This is one of our main difficulties, since if one could just straightforwardly do that replacement, then we would have a straightforward dictionary from the Roth/Meshulam argument to a version in $\mathbb{Z}_N$ , which would presumably make it straightforward to add on the Bateman-Katz improvement.

One version of the question I would ask in response to that is a rather vague one: does the “weakness of Bourgainization” reflect a genuinely important difference between $\mathbb{F}_3^n$ and $\mathbb{Z}_N$ or does it reflect the weakness of the arguments we have so far thought of? In the rest of this comment, I’ll try to make this question more precise, though I don’t think I’ll succeed to the extent that I would ideally like.

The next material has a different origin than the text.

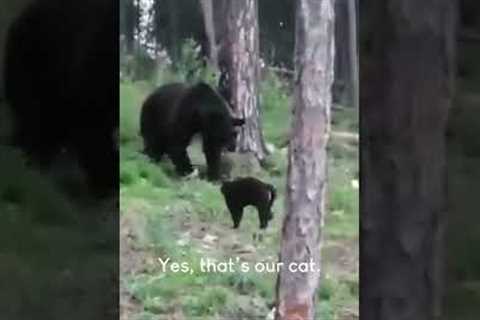 Incredible Cat VS. Bear In The Woods!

First of all, there obviously is a genuine difference between $\mathbb{F}_3^n$ and $\mathbb{Z}_N,$ which is that $\mathbb{F}_3^n$ has lots of subgroups/subspaces and $\mathbb{Z}_N$ doesn’t. Since I’m perfectly well aware of that, my task is to explain what I mean by this difference being important or not.

As a first attempt at that, let me give a sense in which the difference might seem more important than it actually is. One nice feature of subspaces of $\mathbb{F}_3^n$ is that they allow one to define averaging projections: given a subspace $V$ and a function $f$ defined on $\mathbb{F}_3^n$ we define $\pi_Vf$ by the formula $\pi_Vf(x)=\mathbb{E}_{v\in V}f(x+v),$ which replaces the value at $x$ by the average over the coset $x+V.$ If $B$ is a Bohr set, we can’t do this: it is not in general possible to partition $\mathbb{Z}_N$ by translates of $B,$ and even if one could, one would have to choose some translates and not others, a choice one does not have to make with subspaces. Nevertheless, there is a useful analogue of averaging projections, which is convolving with characteristic measures. That is, we define $\pi_Bf$ by the formula $\pi_Bf(x)=f*\mu_B(x)=\mathbb{E}_{y\in B}f(x+y).$ (The last equality relied on the fact that $B=-B.$ ) Note that we can define the averaging projection as $\pi_V=f*\mu_V,$ so this is a direct generalization.

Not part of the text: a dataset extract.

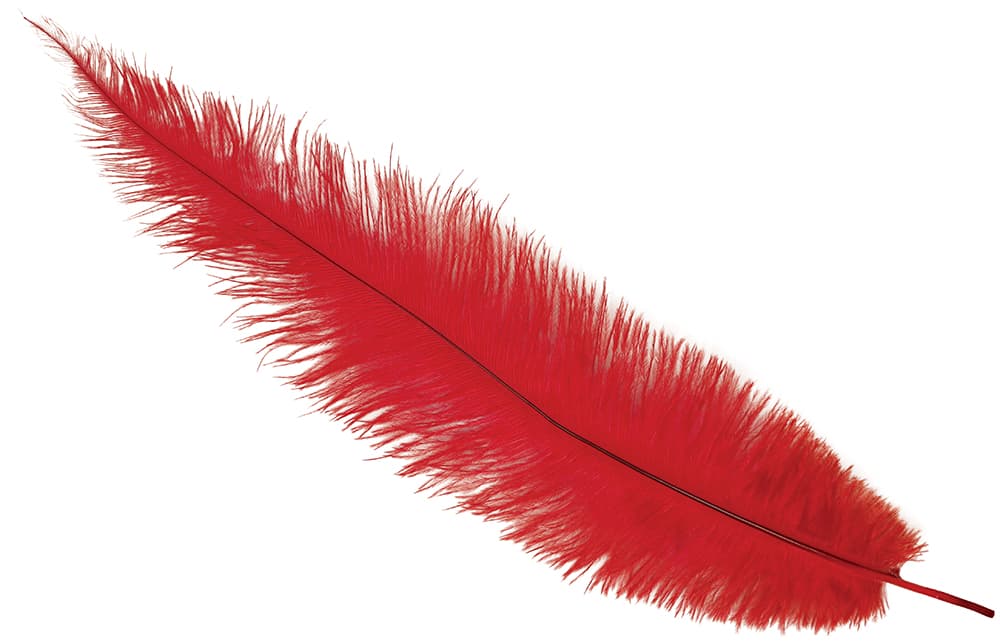 Pose med 12 strudsefjer, 35-45 cm, rød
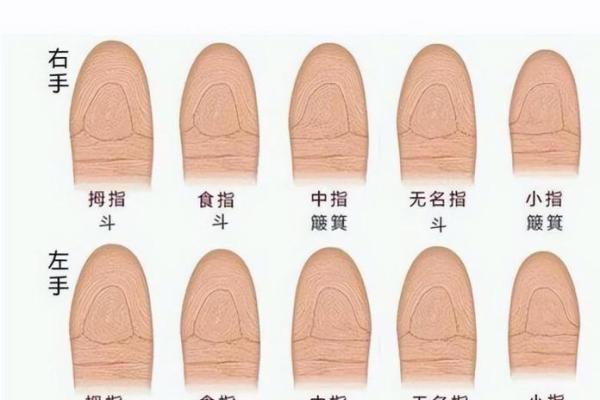 4个斗的男人是什么命 手指斗的数量代表什么命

When it comes to proving Roth’s theorem in $\mathbb{F}_3^n$ , we pass to subspaces rather than taking averaging projections, so it starts to look as though it matters more that we are dealing with Bohr sets in $\mathbb{Z}_N.$ But I can’t help wondering whether it might be possible to do something a bit cleverer that would allow one to get away with a smaller sacrifice of width.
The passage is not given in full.